LIFE improves Natura knowhow for managing marine ecosystems

Source: DG Environment, EC

Europe’s marine environment is full of life and the subsea world provides us with many important ecosystem services. Nature protection measures covering this key natural resource remain somewhat in their infancy, but LIFE is involved in charting a course to help Member States put in place management actions for conserving our marine species.

Natura 2000 is now well established as a core component of EU nature conservation policy and LIFE has successfully helped to nurture the Natura network’s development over the last two decades. Consequently, an increasing array of the European biodiversity which relies on terrestrial and freshwater ecosystems in Natura areas now enjoy generally more positive prospects. This can often be attributed to the improved knowhow that has been built up about these land, lake and river habitats, as well as their species and associated conservation requirements.

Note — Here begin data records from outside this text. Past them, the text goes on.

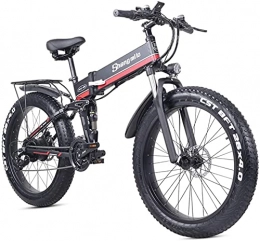 haowahah Zusammenklappbares elektrisches Mountainbike Haowahah Shengmilo Elektrofahrrad MX01, zusammenklappbares E-Bike, 10, 2 cm Fat Tire Mountain, Shimano 21-Gang, 3 Fahrmodi, mit 48 V / 12, 8 Ah herausnehmbarem Lithium-Akku (rot, eine Batterie)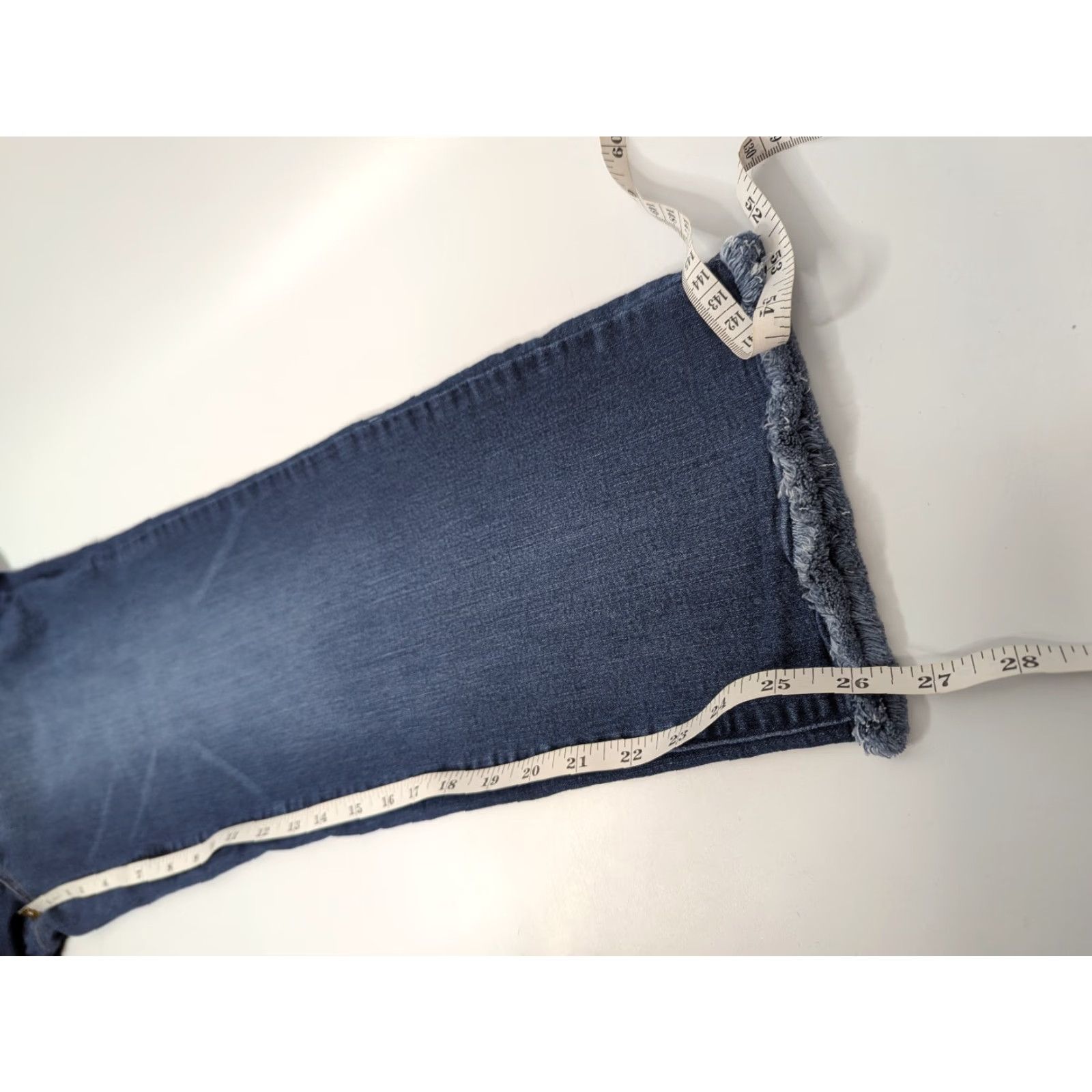 Vintage Democracy Ab Solution Straight Leg Jeans Size 14 High Rise Tummy Control Blue Denim Women Shaping 5-Pocket Raw Hem Casual Size 36" / US 14 / IT 50 - 6 Thumbnail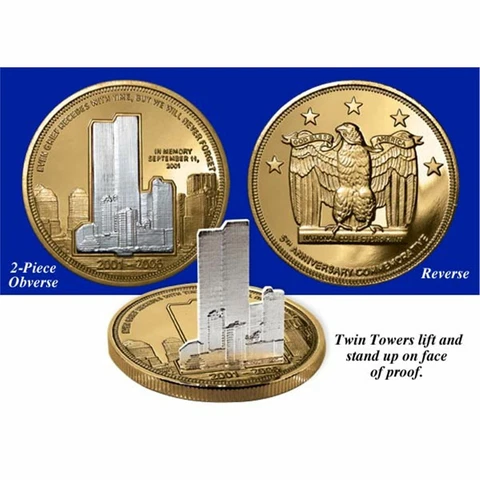 RARE 2001 WORLD TRADE CENTER TWIN TOWERS COMMEMORATIVE PROOF COIN SET Cover
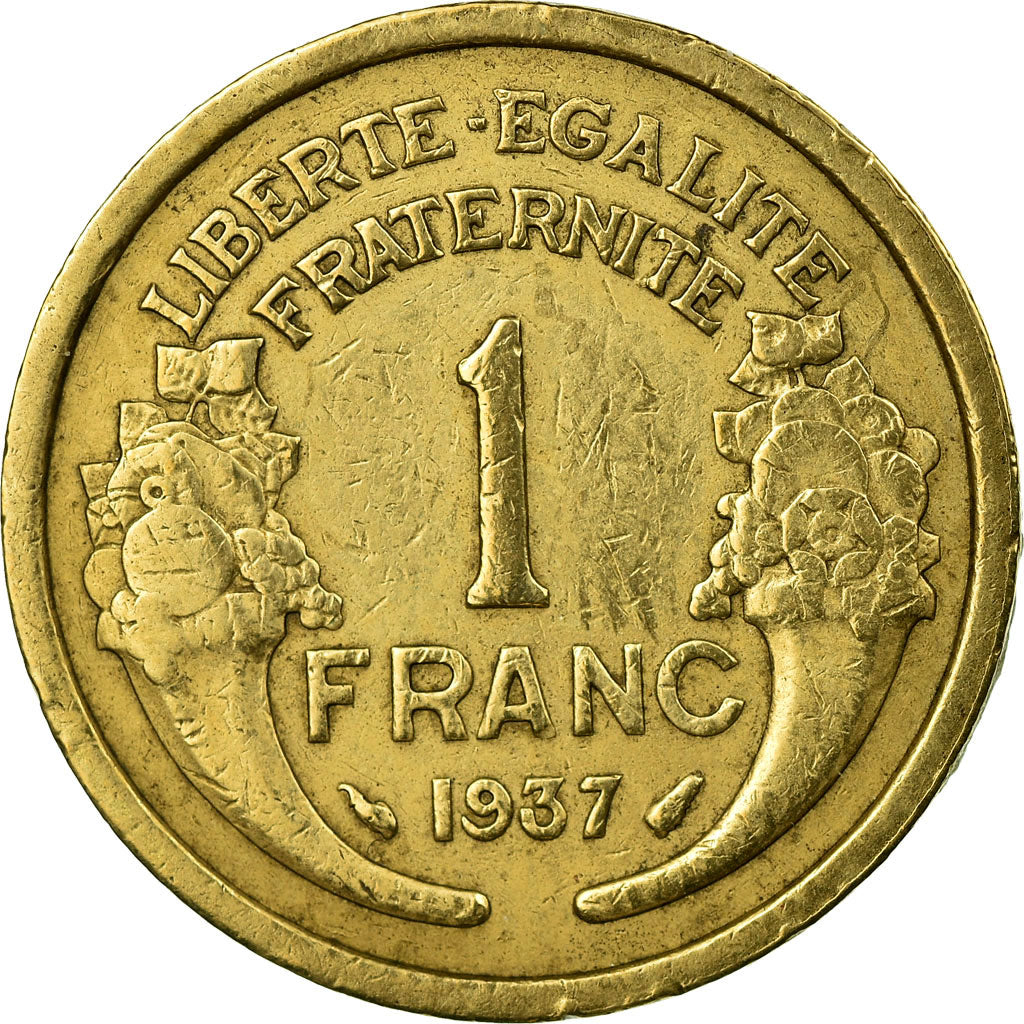 Coin, France, Morlon, Franc, 1937, VF(30-35), Aluminum-Bronze, KM:885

Less however is still known about Europe’s marine ecosystems, and Natura’s reach out into our seas has to date not been as conclusive as it has been onshore. LIFE is involved in developing techniques to address this conservation challenge and excellent results in Natura’s marine domain are being achieved by Spain’s INDEMARES project (LIFE07 NAT/E/000732).

Ignacio Torres is the INDEMARES project manager and he describes why such marine LIFE activity is valuable. “In spite of this being the 21st Century, our marine ecosystems remain largely unknown. Only around one percent of the oceans and seas have been properly investigated so we do not know enough about how they function. Nevertheless, due to the way that these natural resources are used, it is important to better understand our marine ecosystems so that we can safeguard them and the ecosystem services that they provide for us.”

“This is why we set up the INDEMARES project here in Spain because our country has a very long coastline and we are one of the richest European nations in terms of marine biodiversity. In addition, a high percentage of the Spanish economy is dependent on our coasts so this is another reason why it is vital that we find ways to look after our marine environment in an informed way.”